The castle was never particularly important and slowly declined, eventually falling into disuse before being demolished in the late 15th Century. Sadly little now remains of the castle aside from a mound beside the river; the only extant piece is a small stretch of curtain wall near to the river.
location UID #267
Burghley House and the horse trials
Burghley House is a magnificent Elizabethan manor located about a mile to the southeast of Stamford. It was originally built by Sir William Cecil, Elizabeth I's chief advisor. The house is one of the best examples of Elizabethan architecture still extant, and unusually still remains in the hands of Cecil's ancestors.
The parkland surrounding the house was set out by Lancelot 'Capability' Brown, the famous eighteenth century landscape gardener. This land is now home to the Burghley Horse Trials, a world-famous eventing competition that first started in 1961. The park is open to the public year-round, whilst the house is open to the public most weekdays during late spring and summer. Both are well worth a visit.
location UID #268
RAF Wittering is a large RAF base situated just to the south of Stamford. It was formed as part of the Royal Flying Corps in 1916, but unlike many World War One bases it remained in use afterwards, becoming a fighter base in time for the Second World War. During the war it was extended by merging the runways with that of the adjacent RAF Collyweston, and the resultant long runways enabled it to be used by V-Bombers after the war.

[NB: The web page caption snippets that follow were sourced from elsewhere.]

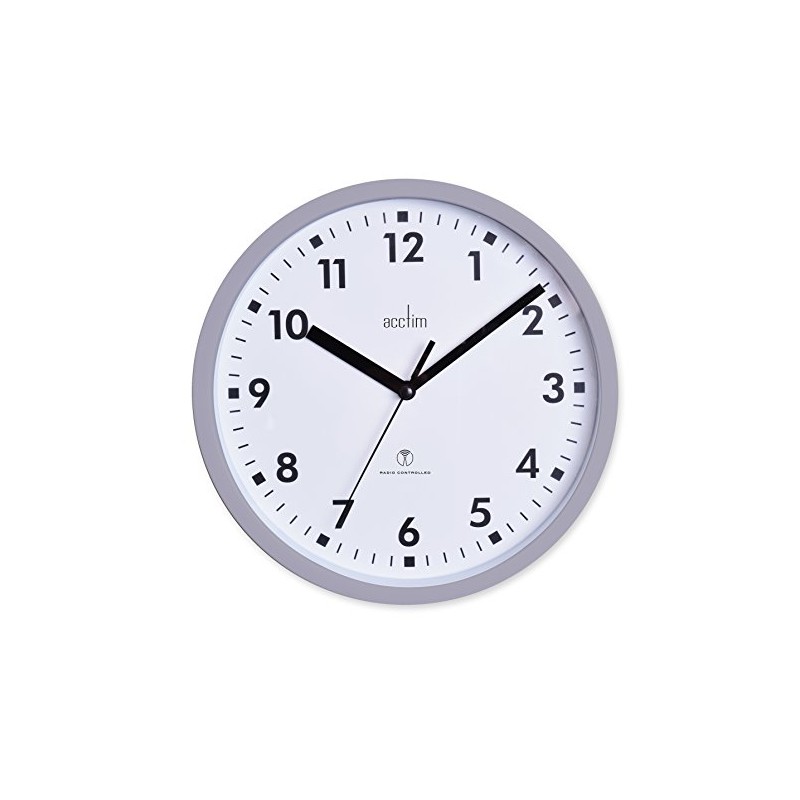Acctim 74667 Nardo 20cm Radio Controlled Grey Wall Clock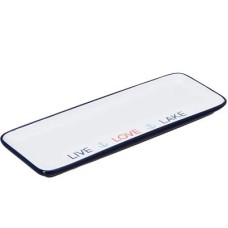 Ceramic Retangular Tray Live Love Lake White and Dark Blue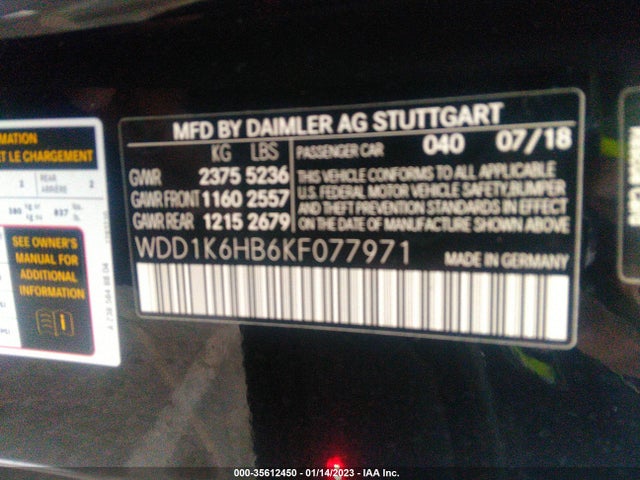 2019 Mercedes-Benz E-Class, VIN: WDD1K6HB6KF077971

For many years it was the spiritual home of the RAF Harrier force. Sadly all of the RAF and Royal Navy's Harriers were withdrawn in 2010, but the base was lucky enough to survive the SDSR in 2010 and continues to support the RAF in various ways. It now (2019) houses units of the Royal Engineers (who moved there from nearby Waterbeach), flying training units and engineering and logistics units.
location UID #269
Wansford (properly known as Wansford-in-England) is a small village situated right beside the A1 to the west of Peterborough. Like many villages in the area, the buildings are mostly of local limestone and topped with roofs of Collyweston slate or thatch. The village arose as a coaching stop beside the ancient bridge over the River Nene - some arches of the current bridge date back as far as 1571, although they have been much altered over time.
One of the hotels in the town, The Haycock, is based on a seventeenth-Century coaching inn. There is also a pub, the Cross Keys.
location UID #270
Delaine buses service 205 runs between Stamford and Peterborough five times a day (no services at weekends), calling at Wansford on the way.